Moses Regular

No. 86, 89
- Position: Linebacker

Personal information
- Born: October 30, 1971 (age 54) Miami, Florida, U.S.
- Listed height: 6 ft 3 in (1.91 m)
- Listed weight: 255 lb (116 kg)

Career information
- High school: Gateway (Kissimmee, Florida)
- College: Missouri Valley (1992–1995)
- NFL draft: 1996: undrafted

Career history
- New York Giants (1996); Jacksonville Jaguars (1996)*; St. Louis Rams (1997)*; Frankfurt Galaxy (1998);
- * Offseason or practice squad member only
- Stats at Pro Football Reference

= Moses Regular =

American football player (born 1971)

Moses Regular Jr. (born October 30, 1971) is an American former professional football linebacker who played one season with the New York Giants of the National Football League (NFL). He played college football at Missouri Valley College. He was also a member of the Frankfurt Galaxy of NFL Europe.

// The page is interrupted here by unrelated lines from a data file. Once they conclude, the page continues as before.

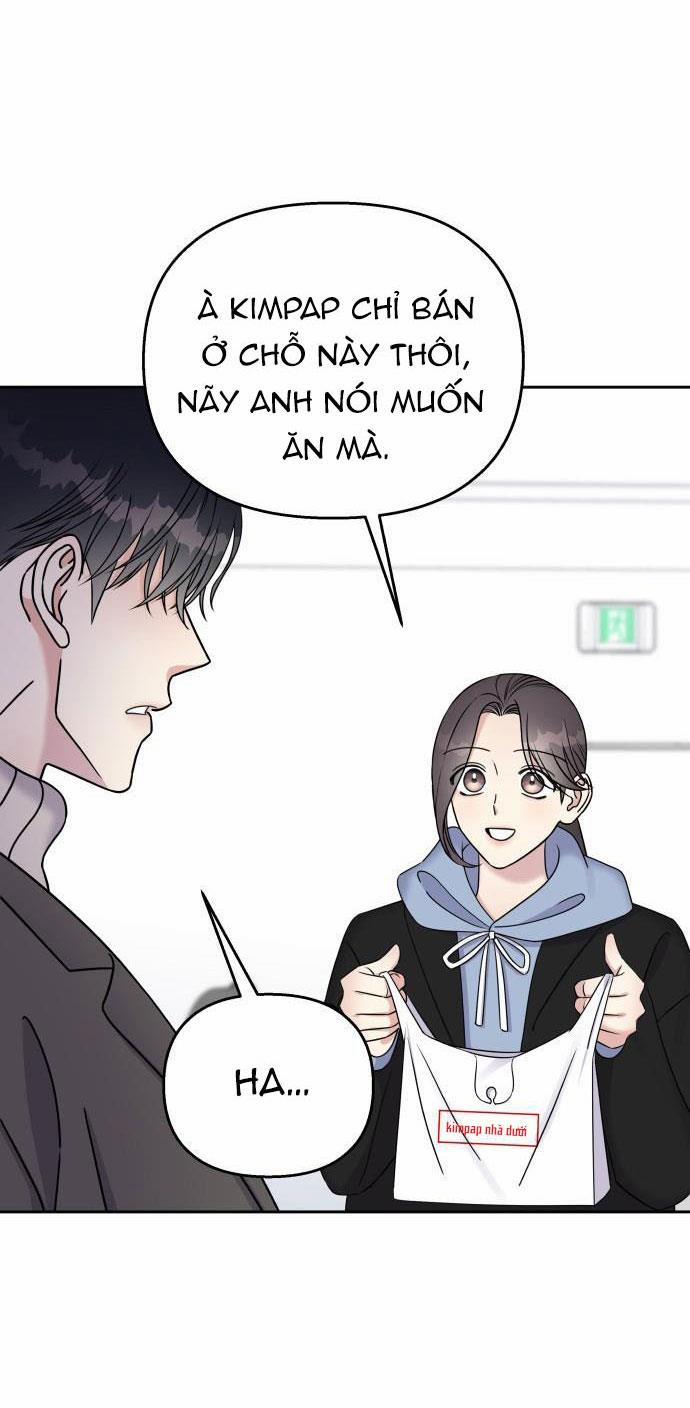 Hãy Diễn Như Anh Yêu Em 32 trang 2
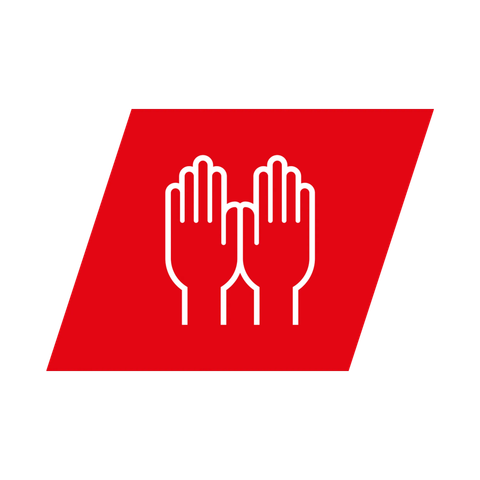 image-alt-69c44cbf1beee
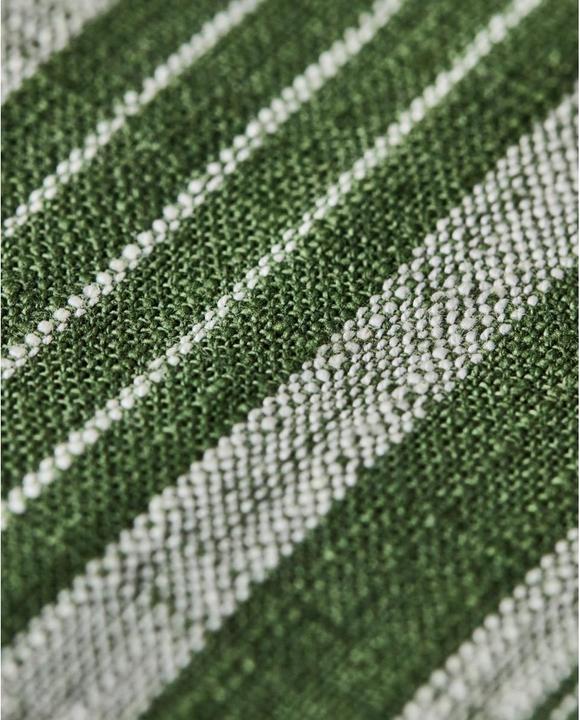 Immagine prodotto Meraki Kulturtasche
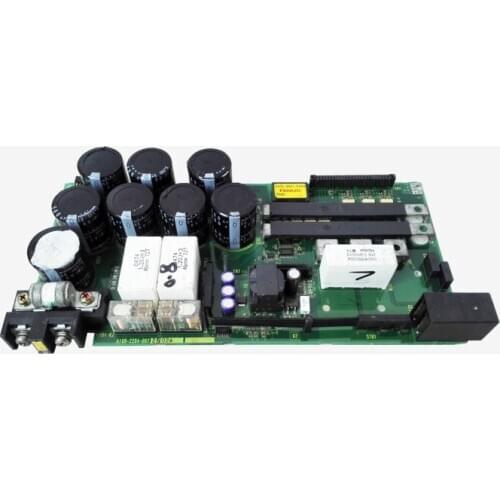 USED 100% TESTED CIRCUIT BOARD A16B-2204-0072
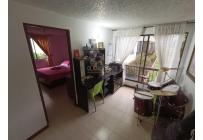 Apartamentos, Venta, Multicentro - $440.000.000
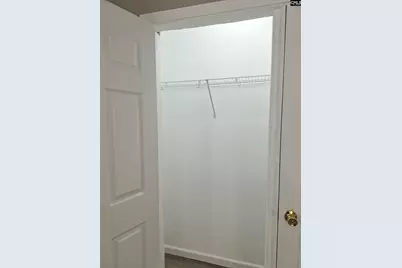 2810 Magnolia Street, Columbia, SC 29204 - Photo 18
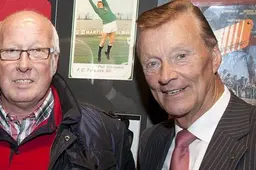 Ardesch steunt Hake en spelers: "Hoe eenzaam voelen ze zich?"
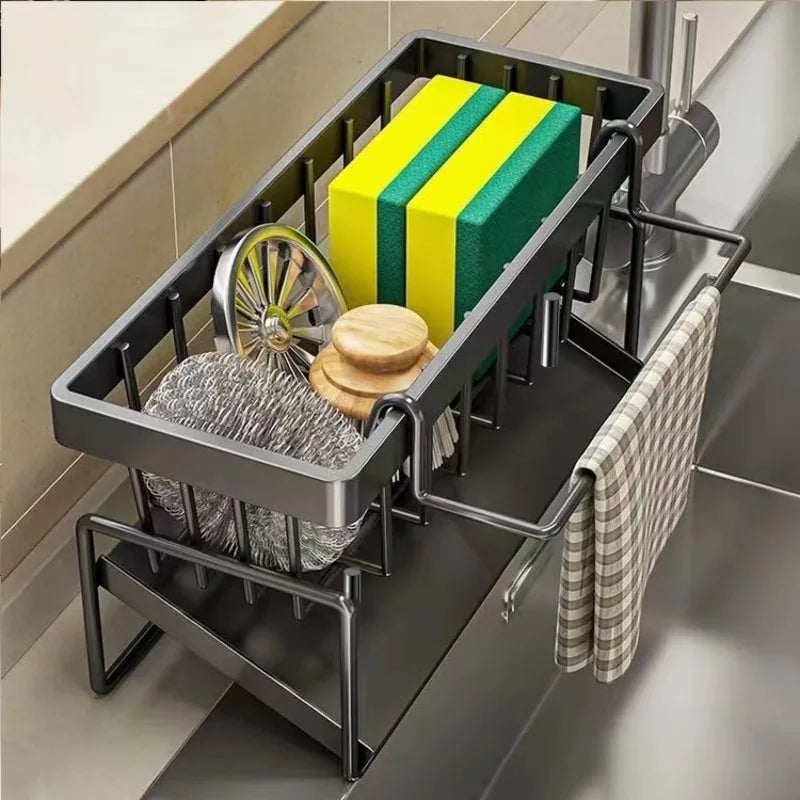 Sink Organizer Viskana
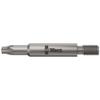 867/12 TX 20 X 45 MM TORX THREADED BIT view 1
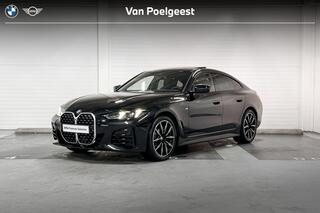 bmw-4-serie-gran-coupé-420i--m-spo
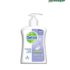 Handwash-dettol-5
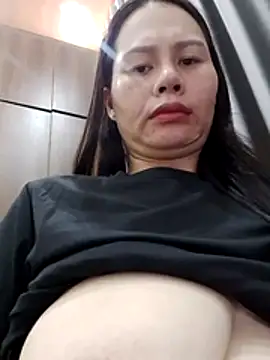 Baby-ladyass2026 online show from March 15, 2:50 am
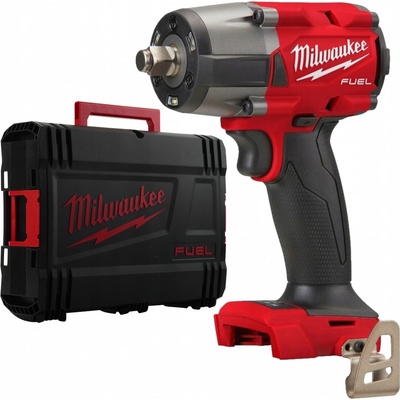 Milwaukee M18FMTIW2P12-0X M18 4933478452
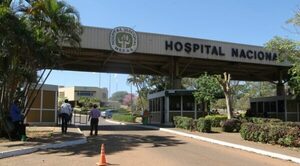 NIÑO DE 11 AÑOS MUERE CON VARICELA E INVESTIGAN UN SEGUNDO CASO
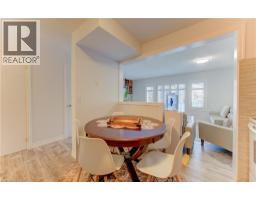 400 WILSON Avenue UnitNo. 27 - 7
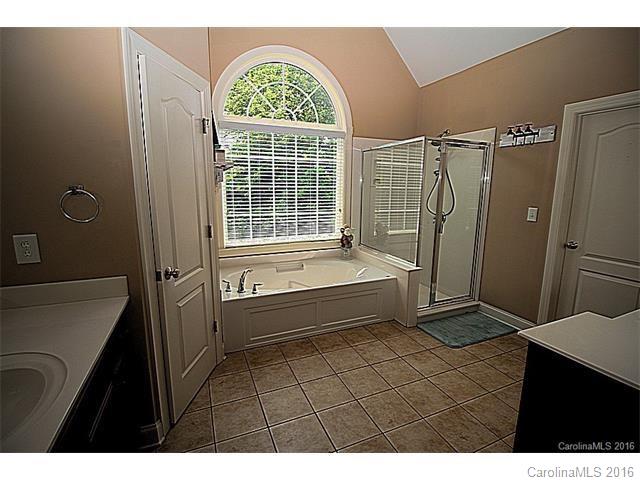 Fox Ridge - Residential Lease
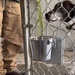 Kennel&#x20;Gear,&#x20;Chain&#x20;Link&#x20;Fence&#x20;Mount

==Early life and college==
Moses Regular Jr. was born on October 30, 1971, in Miami, Florida. He played high school football at Gateway High School in Kissimmee, Florida as a linebacker and tight end. He led the team in tackles and receptions as a senior, earning all-conference honors at linebacker.

He played college football for the Missouri Valley Vikings from 1992 to 1995 as an inside and outside linebacker. He garnered All-HAAC recognition all four seasons.

==Professional career==
After going undrafted in the 1996 NFL draft, Regular signed with the New York Giants on April 27, 1996, as a linebacker. He played in three games for the Giants during the 1996 season before being released on October 25, 1996.

Regular was signed to the practice squad of the Jacksonville Jaguars on November 27, 1996. He became a free agent after the season.

Regular was signed by the St. Louis Rams on February 13, 1997. He converted to tight end/long snapper with the Rams. He was released later in 1997.

He played for the Frankfurt Galaxy of NFL Europe in 1998, recording one special teams tackle.